藤子・F・不二雄大全集第3期第11回配本

25日、藤子・F・不二雄大全集第3期第11回配本が発売されました。


●『新オバケのQ太郎』4巻
 
 幼年向けの媒体で発表された『新オバQ』をオールカラーでまとめた魅惑的な一冊です。大きくて綺麗な絵で幼年版『新オバQ』の世界をたっぷりと堪能できます。
 そして、『新オバQ』って幼年向けのお話がとても多いんだなあ!と実感できます。「めばえ」(2〜4歳向け)や「ベビーブック」(1〜3歳向け)といった最低年齢層向けの雑誌で発表された話もたくさん収録されています。
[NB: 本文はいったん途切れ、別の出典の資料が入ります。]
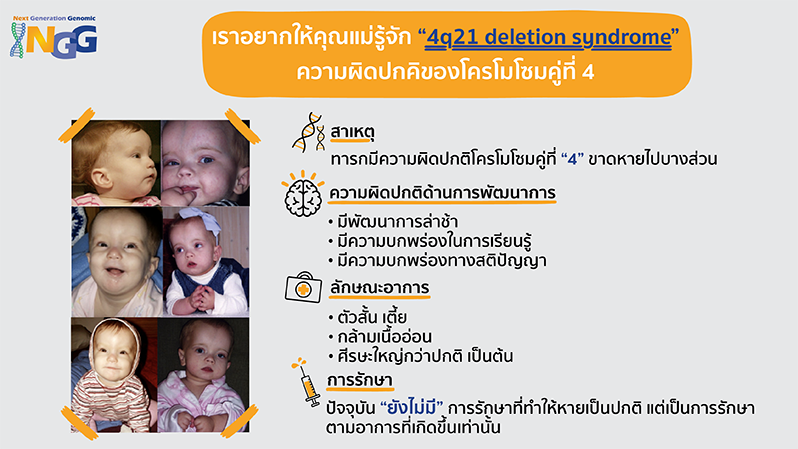 เราอยากให้คุณแม่รู้จัก 4q21 deletion syndrome ความผิดปกคิของโครโมโซมคู่ที่ 4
今月同時配本されたのが青年・大人向けの作品を収録した『SF・異色短編』ですから、それと比較することで、Fマンガの作風の驚嘆すべき幅広さや対象年齢の著しい開きっぷりをまざまざと味わうことができます。



●『SF・異色短編』4巻
 
 1巻と2巻は「ビッグコミック」系、3巻は「漫画アクション」系で発表された作品を収録していましたが、この4巻は「SFマガジン」「奇想天外」といったSF専門誌をはじめ諸々の媒体で発表された作品を集めています。藤子マンガが掲載される媒体としてはちょっと意外だったり珍しかったりする雑誌が結構あるので、私の収集品のなかからいくつか紹介してみます。


 
 ・『ウルトラ・スーパー・デラックスマン』掲載の「S・Fマガジン」1976年1月号(早川書房
「S・Fマガジン」はF先生の短編を12回も載せているので発表媒体として珍しいとは言えませんが、今巻収録作の半数以上が「S・Fマガジン」で発表されたものであることに敬意を表して、ここで取り上げてみました。
 同誌は日本を代表するSF専門誌ですし、活字作品ばかりが並ぶ誌面のなかマンガが掲載されるのですから、SF好きのF先生にとってこの雑誌に描けるのはたいへんな栄誉だったと思います。


 
 ・「別冊問題小説」(徳間書店)×2冊。
 ミステリーやSF作品を載せる大衆小説誌です。1977年冬季特別号に『カンビュセスの籤』、同年夏季特別号に『宇宙人レポート サンプルAとB』が掲載されています。『カンビュセスの籤』は巻頭掲載。


 
 ・『並平家の一日』を掲載した「SFファンタジア」5[風刺編](学研)
「SFファンタジア」は全7巻で刊行されたSF本です。第1巻「地上編」、2巻「時空編」、3巻「異世界編」、4巻「幻想編」、5巻「風刺編」、6巻「マンガ編」、7巻「アート編」というラインナップ。


 
 ・『俺と俺と俺』を掲載した「GORO」1976年7月8日号(小学館
 かつて小学館が出していた若者向け男性誌です。この号の表紙はアグネス・ラム。表紙を1枚めくると彼女のピンナップが挟み込まれています。



 月報の情報も見逃せません。
 前から予告されていた「大全集オリジナル本棚」の発売がついに決まりました。8月24日から予約受付開始。欲しいのはやまやまですが、置く場所がない……お値段が39800円というのも手を出しづらいです……
 第3期のラストを締め括る『UTOPIA最後の世界大戦/天使の玉ちゃん』の解説を藤子不二雄A先生が書く!というのも素晴らしいニュースです。解説を書くのに最もふさわしい人物の抜擢に拍手を送りたいです。